===== Input for this task
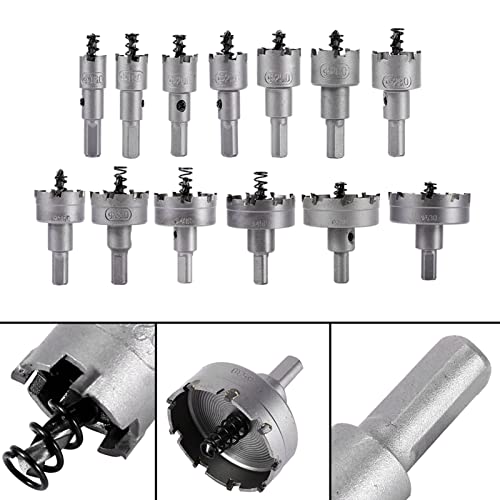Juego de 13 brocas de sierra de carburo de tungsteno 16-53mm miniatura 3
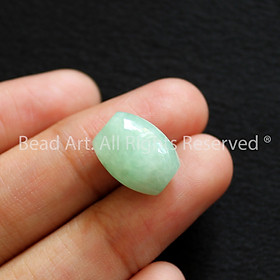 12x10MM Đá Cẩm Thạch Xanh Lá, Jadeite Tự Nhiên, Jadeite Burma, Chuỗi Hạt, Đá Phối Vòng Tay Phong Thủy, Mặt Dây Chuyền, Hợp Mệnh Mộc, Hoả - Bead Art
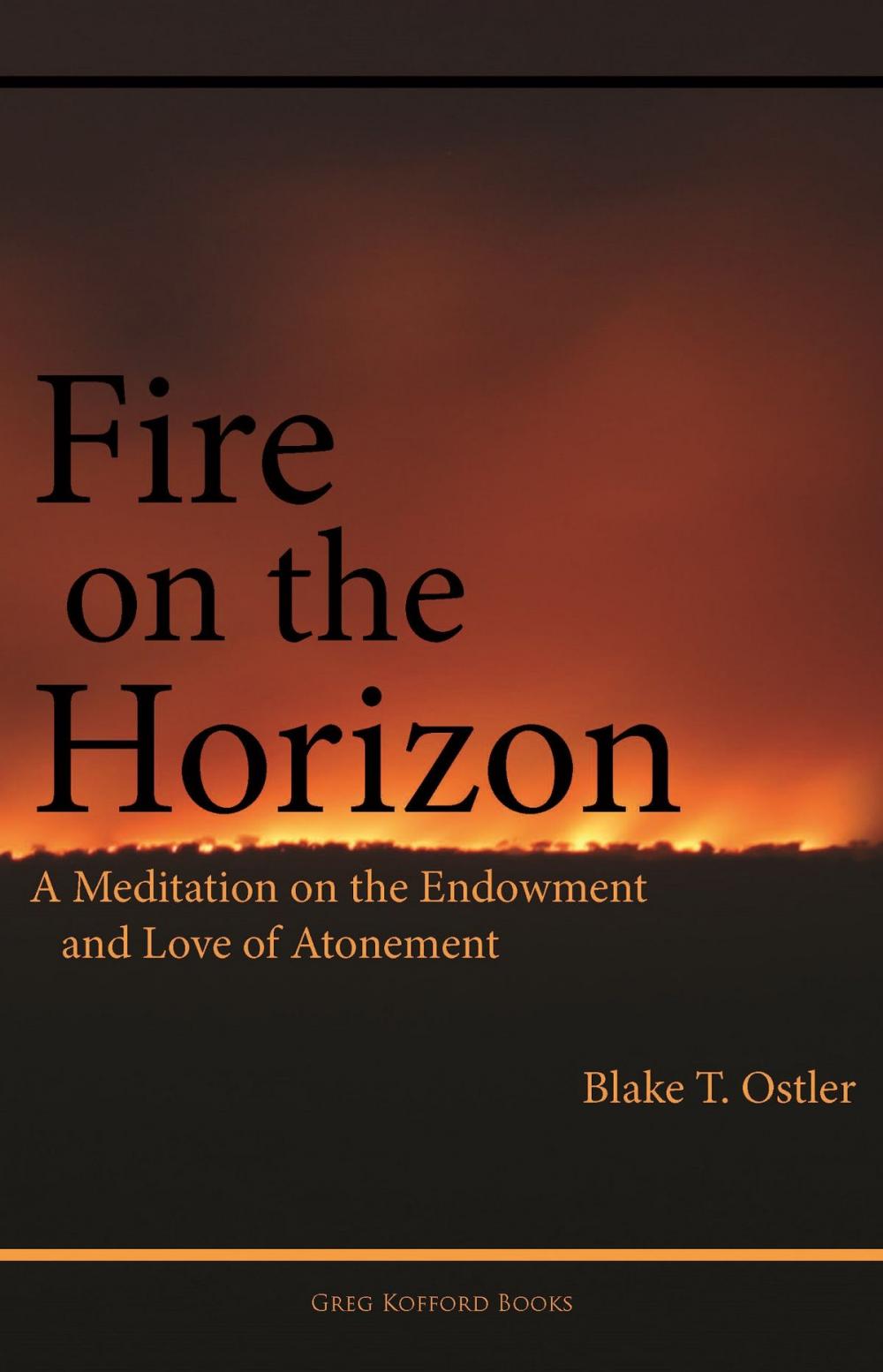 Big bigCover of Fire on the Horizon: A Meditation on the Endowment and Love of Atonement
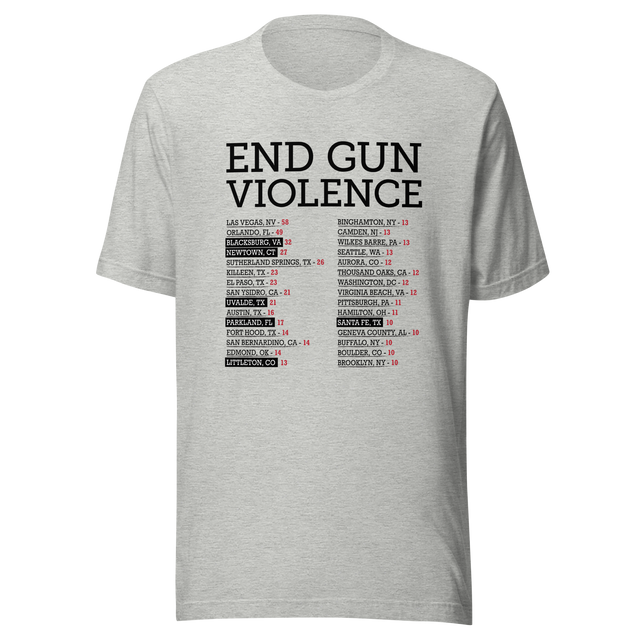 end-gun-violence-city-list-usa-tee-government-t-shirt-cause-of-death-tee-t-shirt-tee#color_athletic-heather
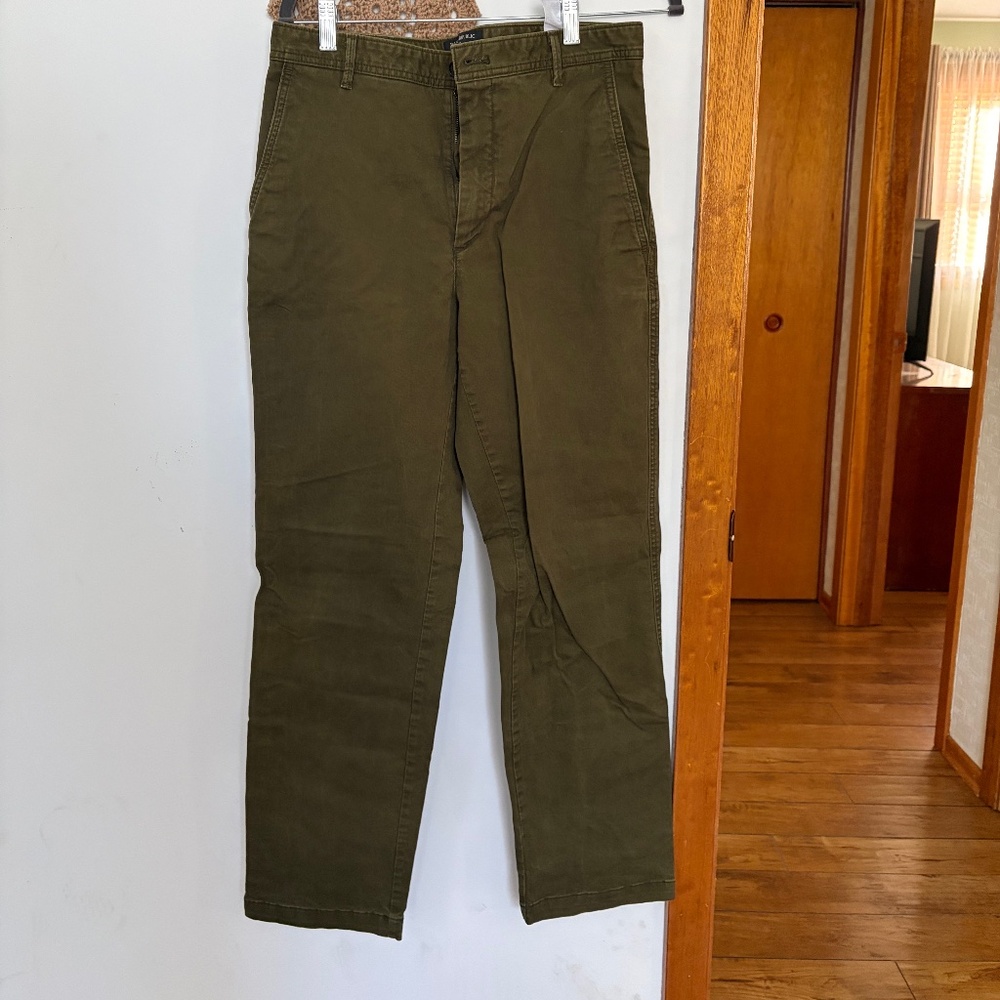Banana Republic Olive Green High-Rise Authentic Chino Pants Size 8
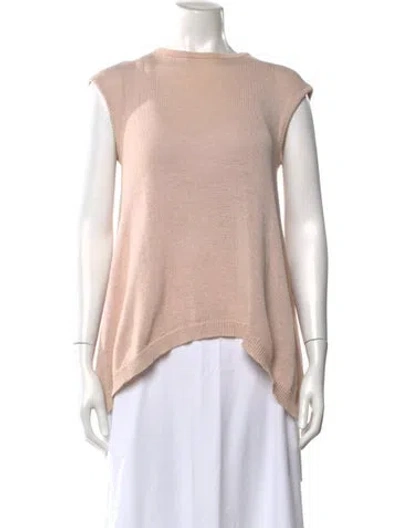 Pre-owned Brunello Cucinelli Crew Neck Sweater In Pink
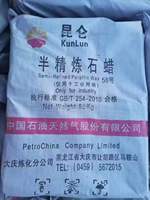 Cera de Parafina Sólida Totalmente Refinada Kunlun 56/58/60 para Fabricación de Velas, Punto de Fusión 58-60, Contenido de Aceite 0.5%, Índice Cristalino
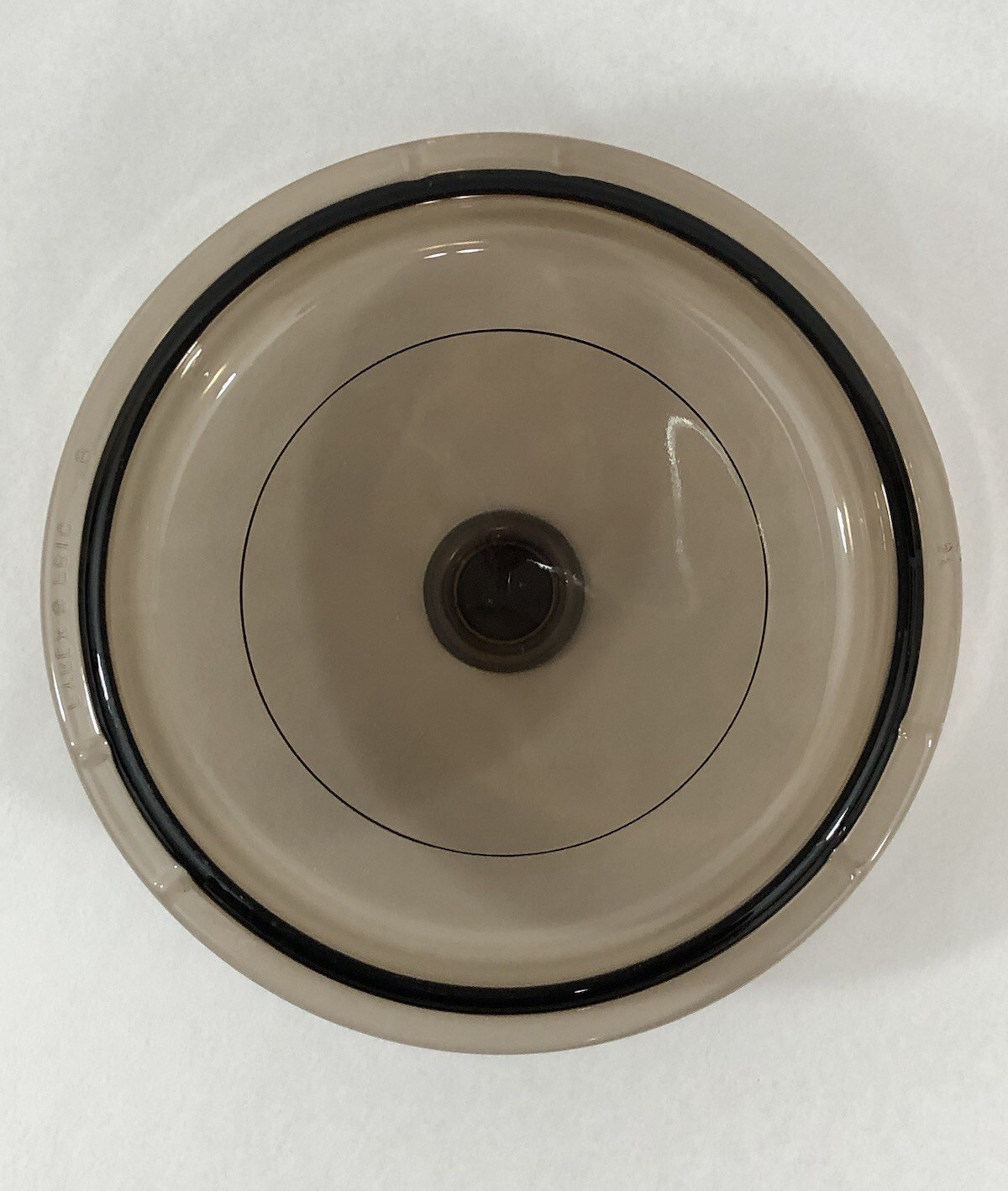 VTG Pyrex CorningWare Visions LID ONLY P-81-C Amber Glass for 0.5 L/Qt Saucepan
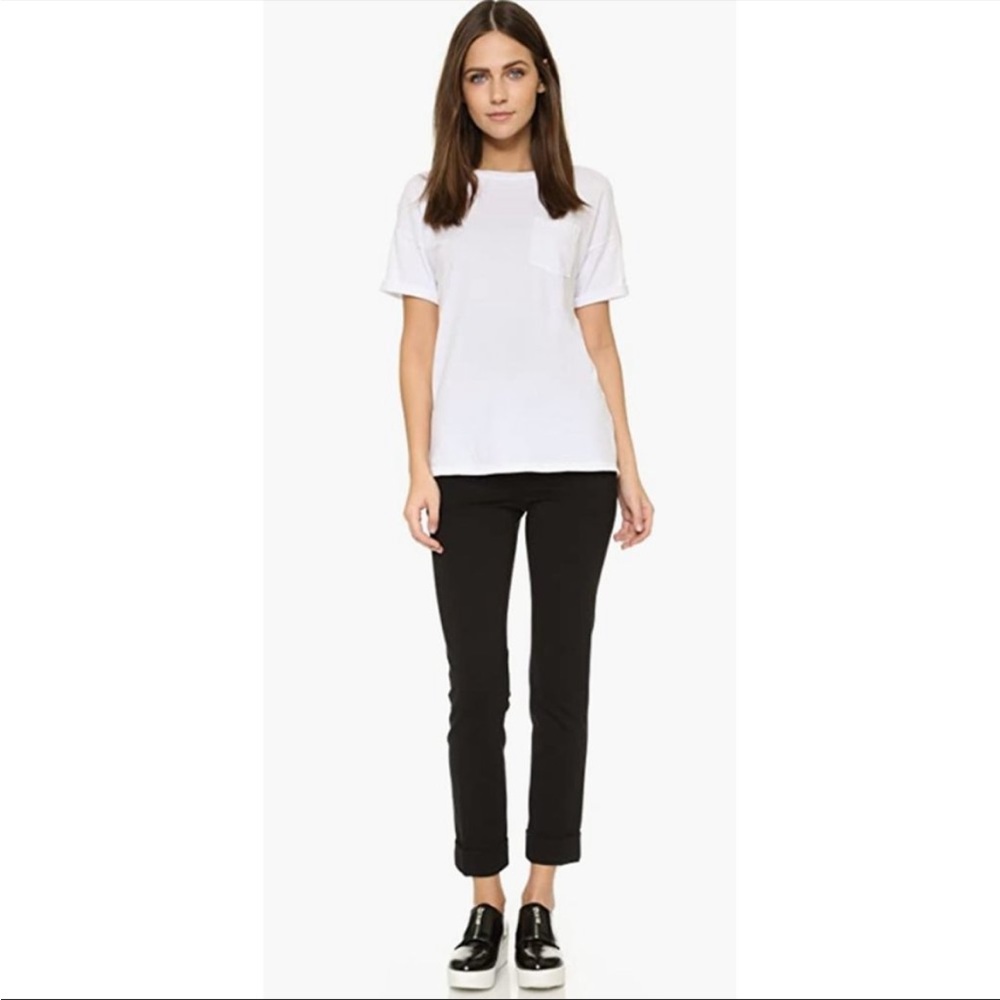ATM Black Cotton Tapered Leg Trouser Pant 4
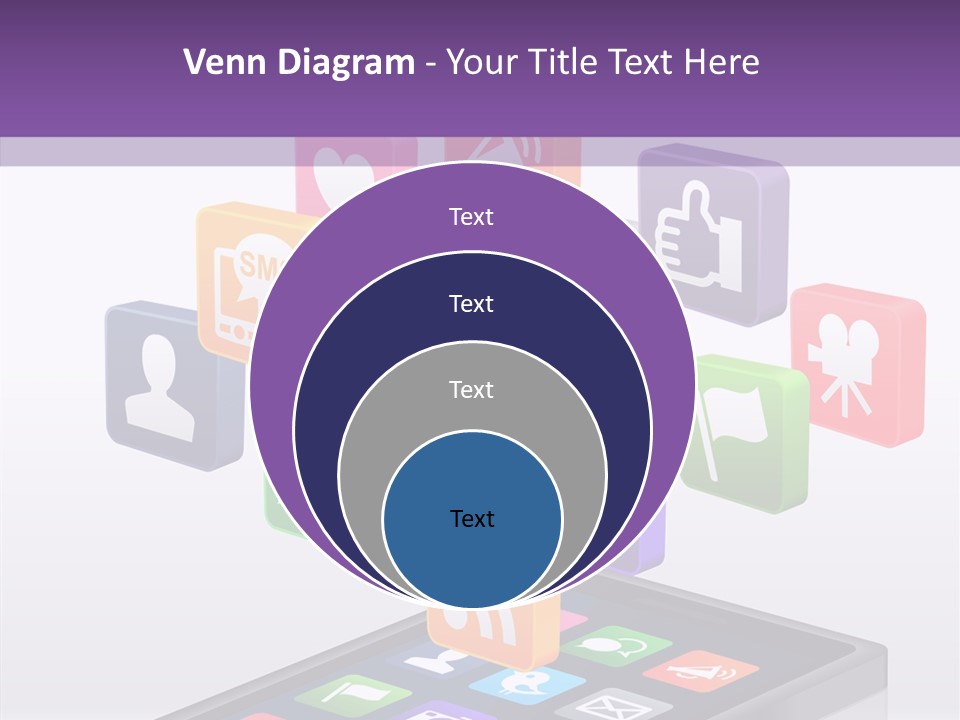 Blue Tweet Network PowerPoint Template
==========
What the task requires: Only the text of the entries above is to be given again, exactly, with the pictures left out.

Finished exercise:
Juego de 13 brocas de sierra de carburo de tungsteno 16-53mm miniatura 3
 12x10MM Đá Cẩm Thạch Xanh Lá, Jadeite Tự Nhiên, Jadeite Burma, Chuỗi Hạt, Đá Phối Vòng Tay Phong Thủy, Mặt Dây Chuyền, Hợp Mệnh Mộc, Hoả - Bead Art
 Big bigCover of Fire on the Horizon: A Meditation on the Endowment and Love of Atonement
 end-gun-violence-city-list-usa-tee-government-t-shirt-cause-of-death-tee-t-shirt-tee#color_athletic-heather
Banana Republic Olive Green High-Rise Authentic Chino Pants Size 8
 Pre-owned Brunello Cucinelli Crew Neck Sweater In Pink
 Cera de Parafina Sólida Totalmente Refinada Kunlun 56/58/60 para Fabricación de Velas, Punto de Fusión 58-60, Contenido de Aceite 0.5%, Índice Cristalino
 VTG Pyrex CorningWare Visions LID ONLY P-81-C Amber Glass for 0.5 L/Qt Saucepan
ATM Black Cotton Tapered Leg Trouser Pant 4
 Blue Tweet Network PowerPoint Template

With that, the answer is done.